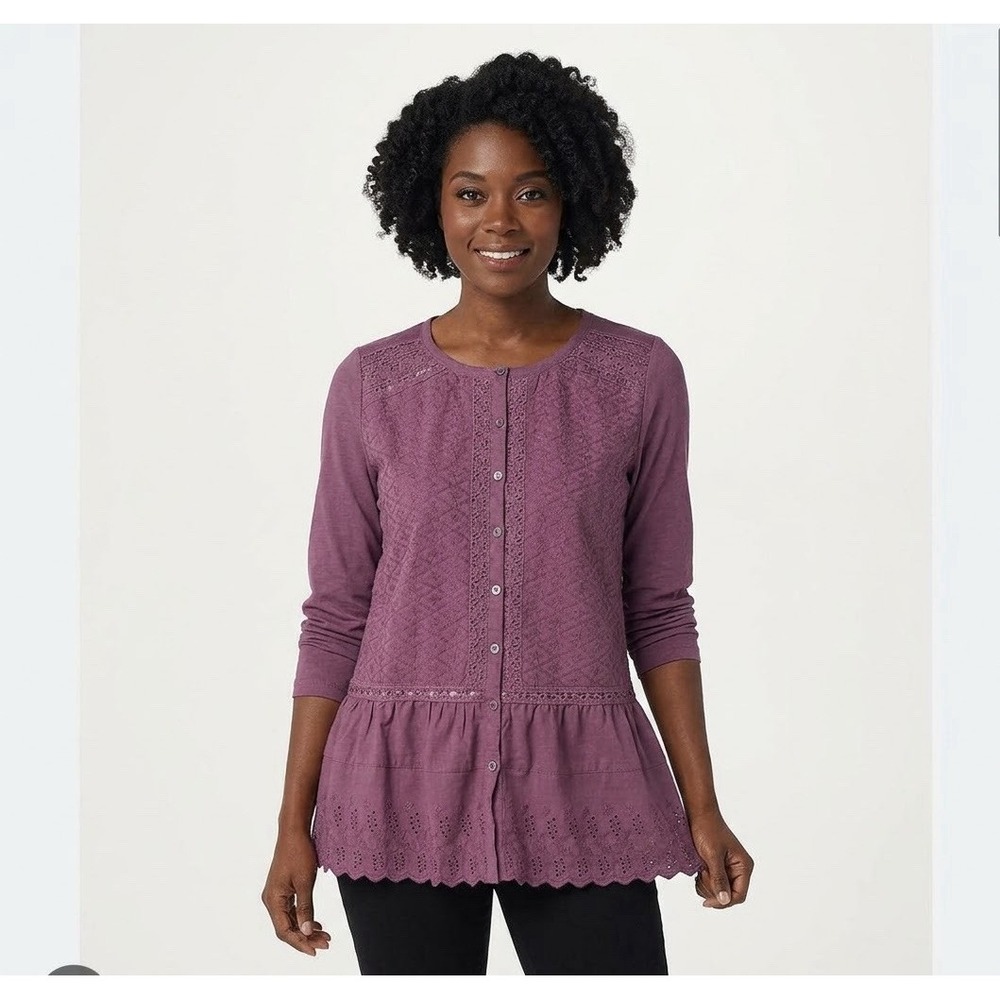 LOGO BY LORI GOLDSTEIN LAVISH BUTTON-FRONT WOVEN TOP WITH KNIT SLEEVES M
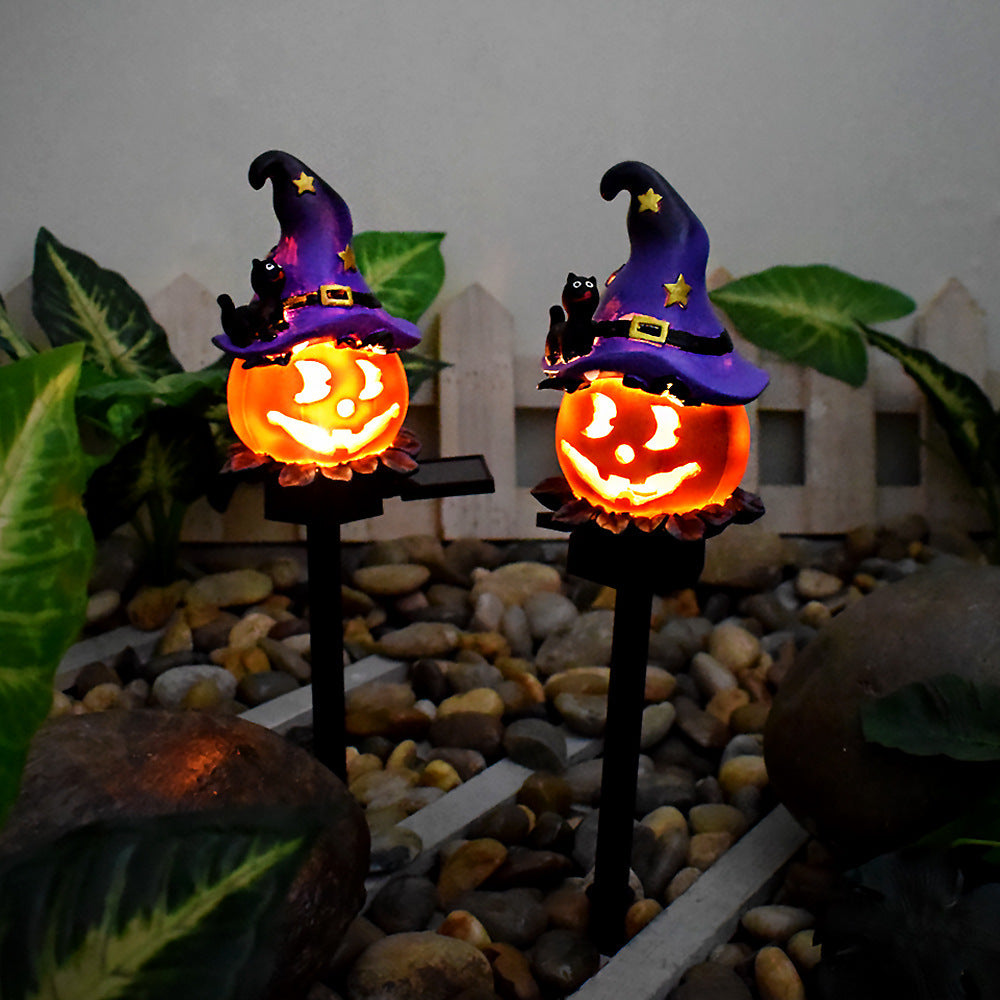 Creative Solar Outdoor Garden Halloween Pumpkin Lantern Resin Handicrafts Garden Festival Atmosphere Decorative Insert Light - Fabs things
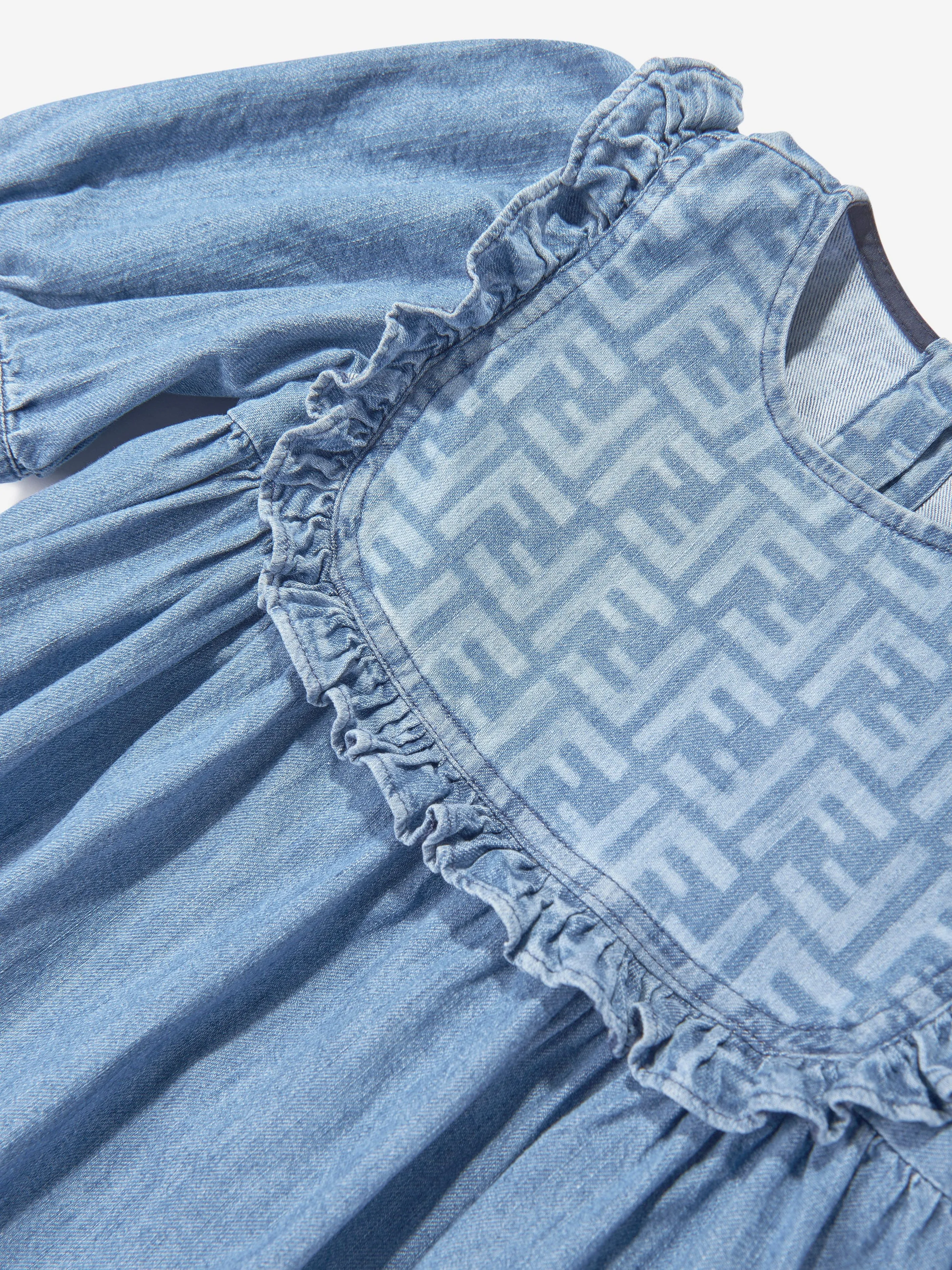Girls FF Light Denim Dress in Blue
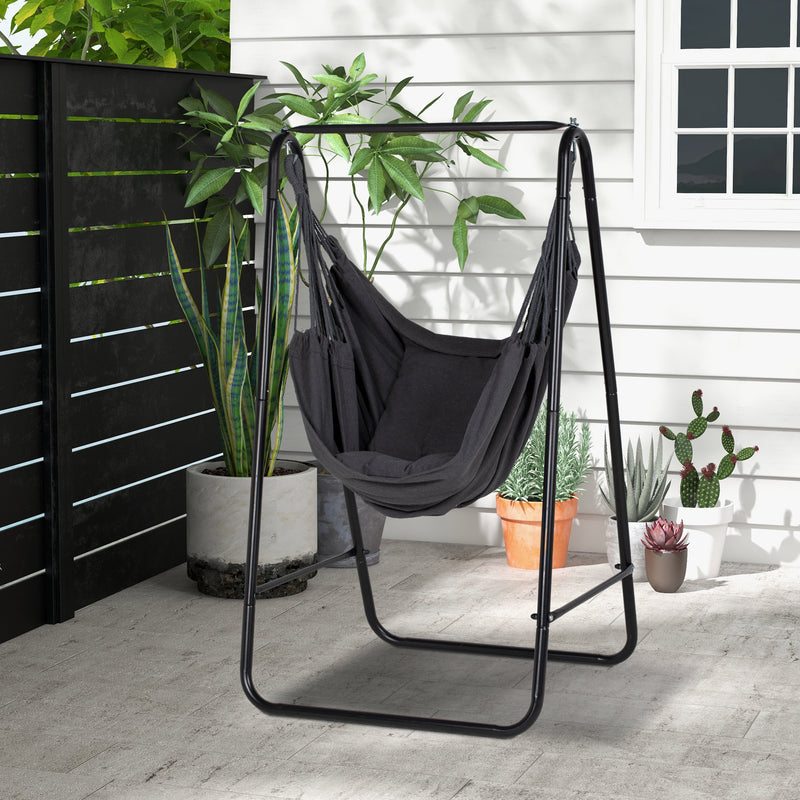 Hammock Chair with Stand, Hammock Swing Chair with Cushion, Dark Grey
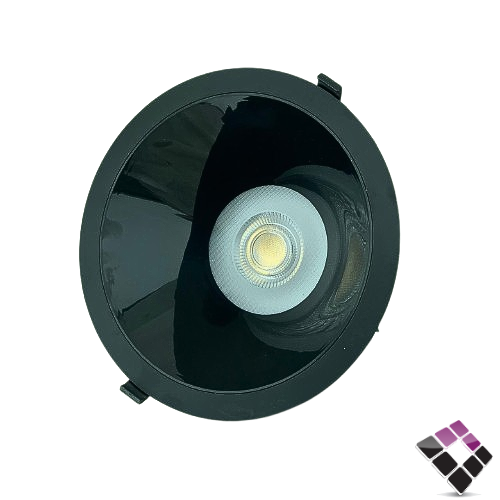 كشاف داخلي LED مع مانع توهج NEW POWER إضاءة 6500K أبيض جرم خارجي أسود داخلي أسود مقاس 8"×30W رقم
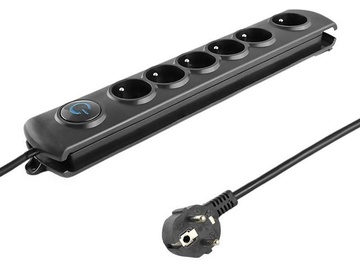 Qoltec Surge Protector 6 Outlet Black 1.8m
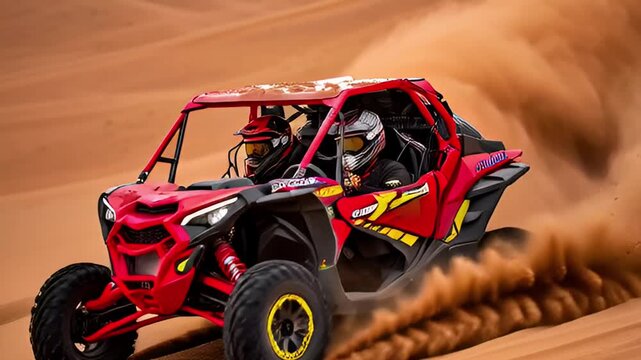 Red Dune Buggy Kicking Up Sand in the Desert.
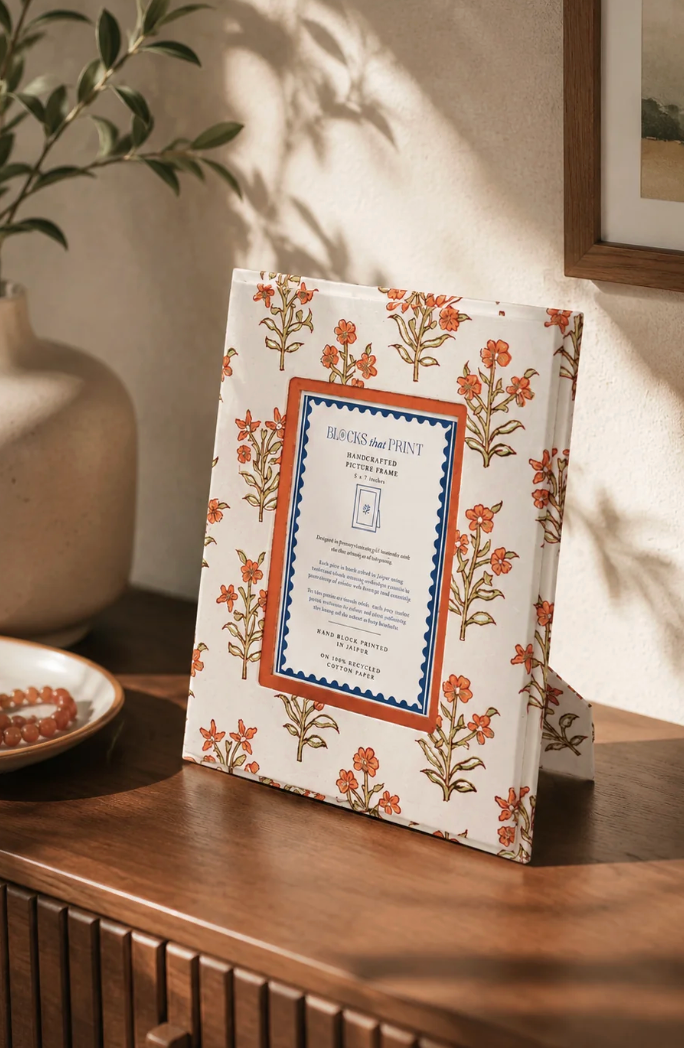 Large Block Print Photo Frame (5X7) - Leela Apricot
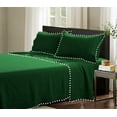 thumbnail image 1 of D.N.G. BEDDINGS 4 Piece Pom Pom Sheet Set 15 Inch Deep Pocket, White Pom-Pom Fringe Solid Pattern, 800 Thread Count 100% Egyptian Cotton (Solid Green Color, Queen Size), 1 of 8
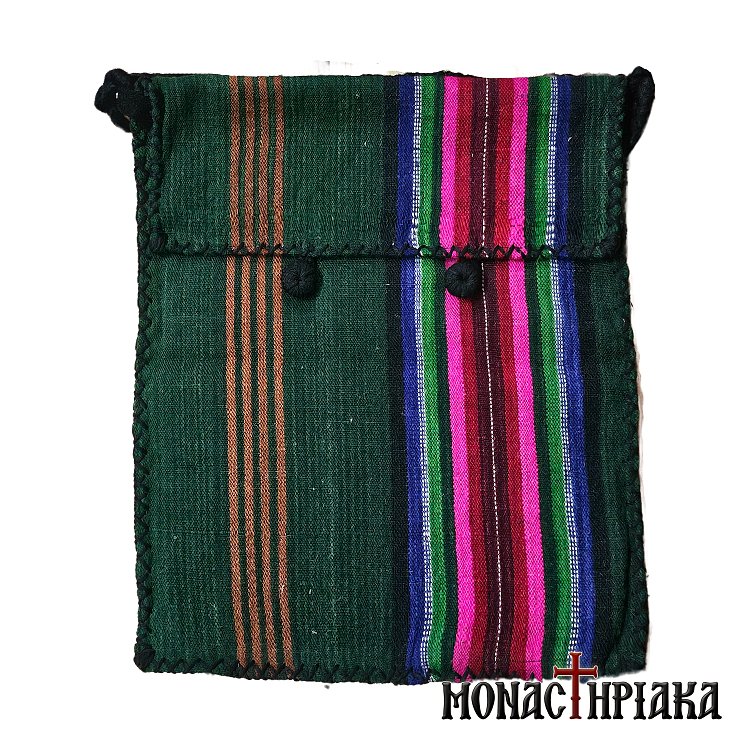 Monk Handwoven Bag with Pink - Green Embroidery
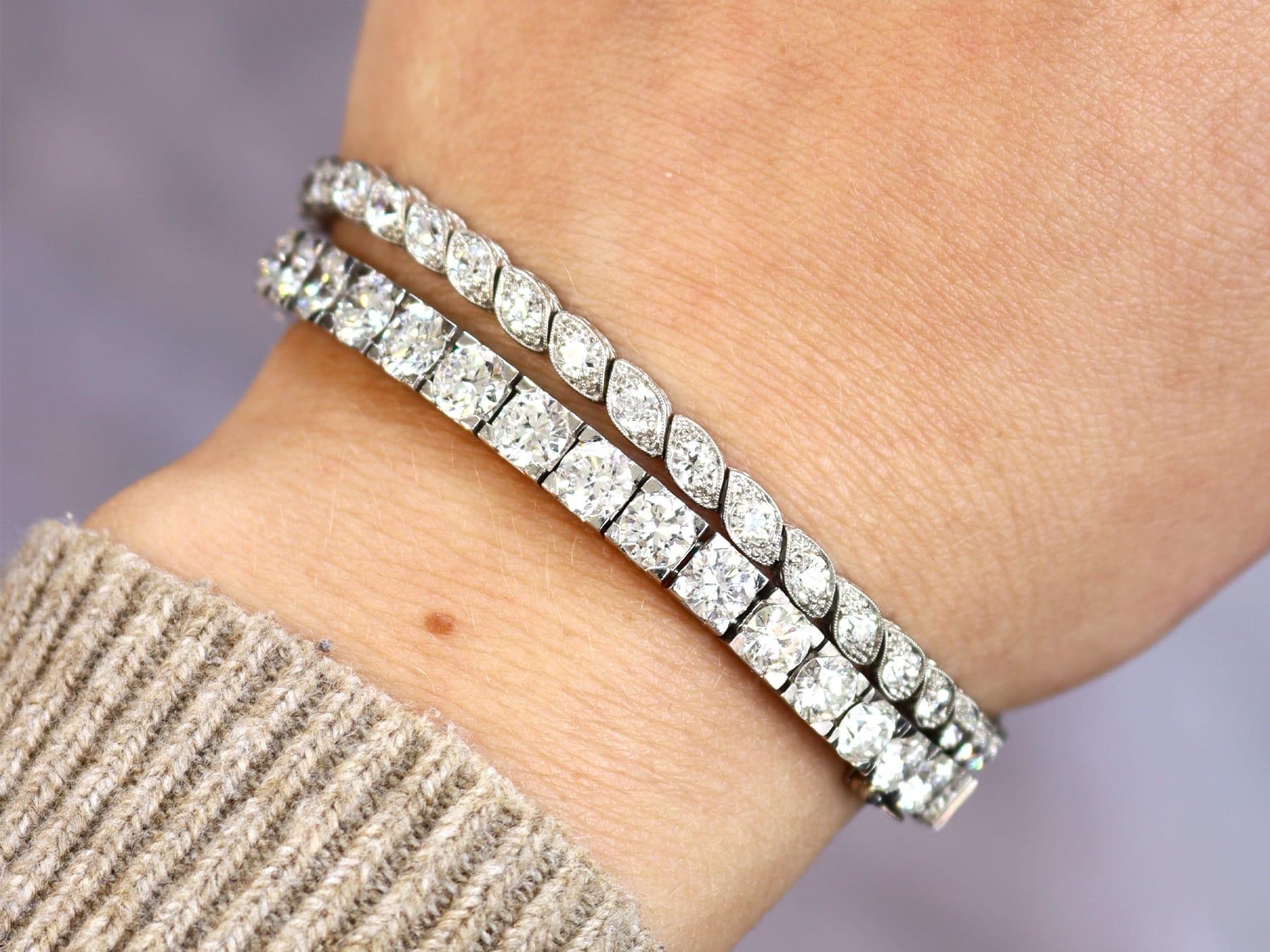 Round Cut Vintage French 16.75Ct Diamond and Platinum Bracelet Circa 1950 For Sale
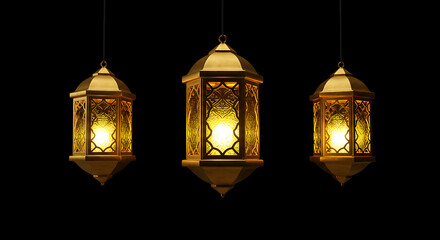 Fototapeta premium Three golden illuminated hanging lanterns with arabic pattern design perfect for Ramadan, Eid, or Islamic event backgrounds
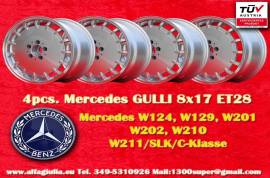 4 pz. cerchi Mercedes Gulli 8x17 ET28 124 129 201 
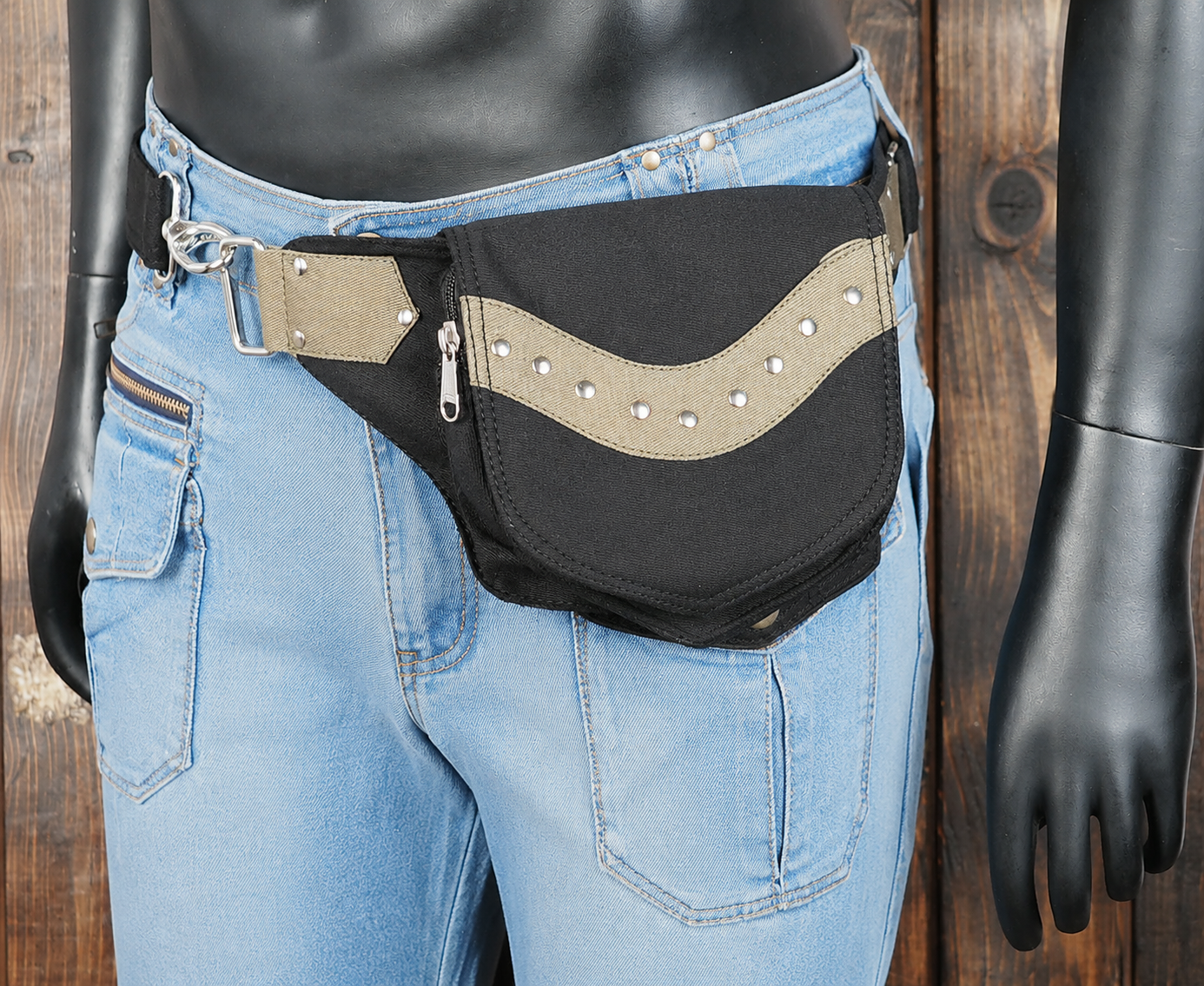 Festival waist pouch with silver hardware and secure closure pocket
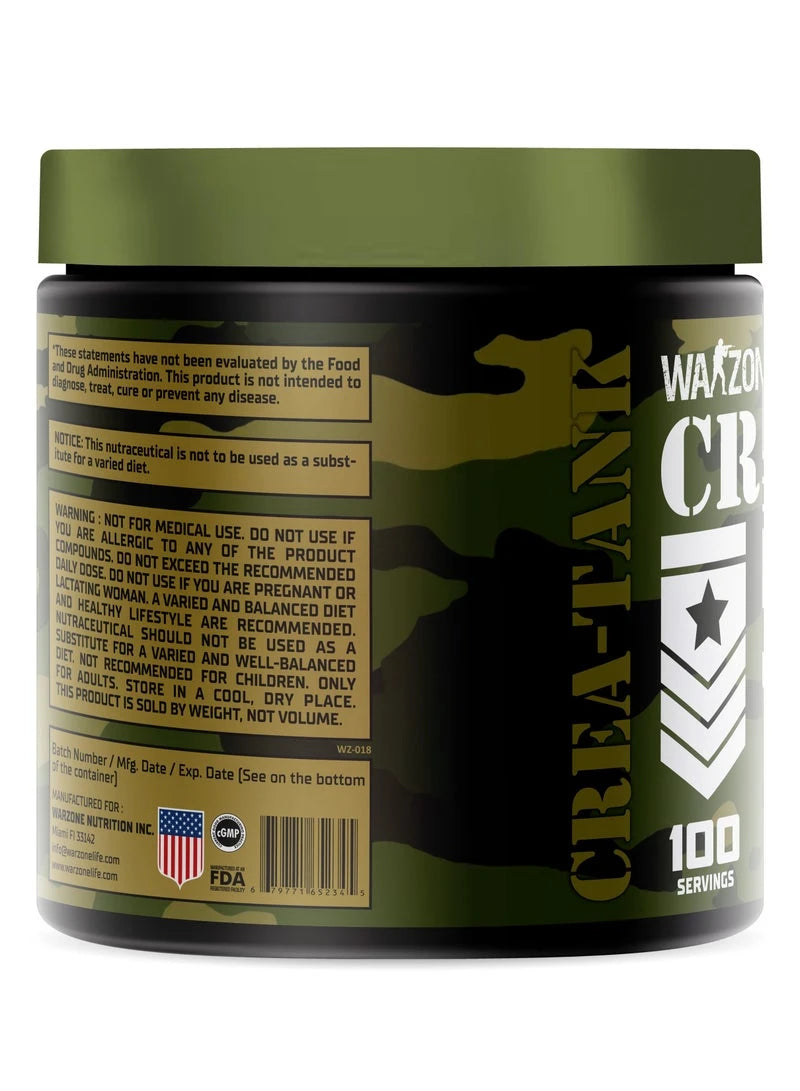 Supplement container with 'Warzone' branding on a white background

◇ ◇ ◇ ◇ ◇

Using the data above, copy exactly the lines from the one containing "Red Dune Buggy" to the one containing "Round Cut Vintage", inclusive. Exclude the pictures.

**Your solution**
 Red Dune Buggy Kicking Up Sand in the Desert.
 Large Block Print Photo Frame (5X7) - Leela Apricot
 thumbnail image 1 of D.N.G. BEDDINGS 4 Piece Pom Pom Sheet Set 15 Inch Deep Pocket, White Pom-Pom Fringe Solid Pattern, 800 Thread Count 100% Egyptian Cotton (Solid Green Color, Queen Size), 1 of 8
 Monk Handwoven Bag with Pink - Green Embroidery
 Round Cut Vintage French 16.75Ct Diamond and Platinum Bracelet Circa 1950 For Sale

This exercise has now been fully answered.